**PROBLEM REQUIREMENTS:** Go through the entries below and pick out every line with "Devant".

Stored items
========
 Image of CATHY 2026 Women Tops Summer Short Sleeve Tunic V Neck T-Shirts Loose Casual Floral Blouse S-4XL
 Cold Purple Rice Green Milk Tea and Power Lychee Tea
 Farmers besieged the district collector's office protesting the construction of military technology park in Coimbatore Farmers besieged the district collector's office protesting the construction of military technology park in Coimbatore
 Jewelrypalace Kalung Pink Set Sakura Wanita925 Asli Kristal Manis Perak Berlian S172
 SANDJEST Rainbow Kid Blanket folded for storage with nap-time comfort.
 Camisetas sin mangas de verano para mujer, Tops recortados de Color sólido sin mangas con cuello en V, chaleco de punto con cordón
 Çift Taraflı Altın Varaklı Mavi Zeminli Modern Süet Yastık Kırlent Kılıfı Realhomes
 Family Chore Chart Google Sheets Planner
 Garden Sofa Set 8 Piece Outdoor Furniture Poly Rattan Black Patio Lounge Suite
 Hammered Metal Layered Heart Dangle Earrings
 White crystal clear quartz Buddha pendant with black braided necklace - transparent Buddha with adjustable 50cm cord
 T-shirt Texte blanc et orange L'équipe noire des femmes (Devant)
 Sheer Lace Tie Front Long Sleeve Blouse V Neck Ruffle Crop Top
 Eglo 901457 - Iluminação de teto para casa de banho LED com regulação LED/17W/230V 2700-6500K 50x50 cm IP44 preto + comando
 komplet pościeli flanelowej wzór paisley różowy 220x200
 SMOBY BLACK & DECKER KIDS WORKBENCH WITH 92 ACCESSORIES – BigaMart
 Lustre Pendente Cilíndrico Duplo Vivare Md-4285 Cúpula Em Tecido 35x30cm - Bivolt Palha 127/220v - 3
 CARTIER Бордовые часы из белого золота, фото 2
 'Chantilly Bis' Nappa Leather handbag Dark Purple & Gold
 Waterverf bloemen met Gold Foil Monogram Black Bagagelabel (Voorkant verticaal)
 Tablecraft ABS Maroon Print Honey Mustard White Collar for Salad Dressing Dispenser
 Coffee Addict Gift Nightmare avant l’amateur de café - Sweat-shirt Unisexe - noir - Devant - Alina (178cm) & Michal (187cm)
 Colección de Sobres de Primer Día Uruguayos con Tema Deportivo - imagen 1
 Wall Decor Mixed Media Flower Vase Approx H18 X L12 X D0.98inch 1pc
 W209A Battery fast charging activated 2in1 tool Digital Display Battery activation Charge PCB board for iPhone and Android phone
========
**ANSWER SPACE:**
 T-shirt Texte blanc et orange L'équipe noire des femmes (Devant)
 Coffee Addict Gift Nightmare avant l’amateur de café - Sweat-shirt Unisexe - noir - Devant - Alina (178cm) & Michal (187cm)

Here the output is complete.